Entiendo que las diferentes aproximaciones a Camino, elegidas para esta sesión académica, no pueden concebirse ni desarrollarse como visiones autónomas del libro. Deben tener en cuenta todas ellas la índole espiritual que lo impregna, y que es la clave para leerlo y comprenderlo.

Si algo demuestra esta edición es la naturaleza estrictamente espiritual de Camino, en su génesis, en su desarrollo dentro del alma del autor, y en su versión final. Tal carácter espiritual no se contradistingue, sin embargo, de sus dimensiones teológicas, en gran medida implícitas y latentes en todas las páginas.

Pero recomienda sobriedad y cautela intelectual a la hora de situar el libro en el marco de una reflexión teológica propiamente dicha. Con Camino las cosas han de ser siempre sencillas, si se quiere sintonizar bien con su naturaleza de libro religioso.

Esta edición nos permite leer Camino en varias dimensiones, y verlo como en pantalla gigante. Advertimos mejor que el autor no habla desde un pedestal, y ni siquiera desde un púlpito. Sino que escribe como un ser humano que hace confidencias «de amigo, de hermano, de padre» (Prólogo).
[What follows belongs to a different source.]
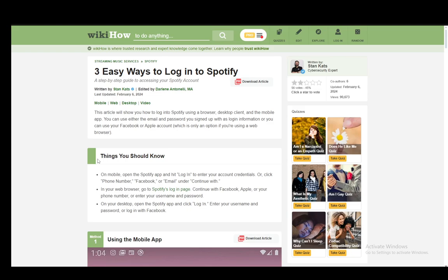Now, you can very easily log into Spotify using your phone number. However, this is available only on two platforms and that is on mobile and on the web browser. As far as I know, currently on the PC version, you are not able to log in with your phone number.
El carismático y el hombre de todos los días viven en la misma persona.

Camino ha sido y es un acontecimiento del Espíritu, un “libro de fuego” de los que su autor deseaba escribir y en gran parte escribió, pero es sin duda el más representativo de todos los textos publicados hasta ahora, antes y después de su muerte.

Sólo la sencillez de un mensaje profundo, que se nutre del misterio trinitario vivido y experimentado –podríamos decir gustado– por el autor, puede explicar la difusión del libro, al margen de otras coyunturas y contingencias históricas más o menos favorables.

La historia cultural y religiosa nos enseña que los libros de mayor eco y repercusión en el pueblo cristiano no suelen ser obras formalmente teológicas. Si consideramos que Camino es uno de los grandes libros del siglo veinte, no conseguiríamos situar junto a él una obra de teología académica o un ensayo teológico que hayan alcanzado una difusión y una influencia semejantes.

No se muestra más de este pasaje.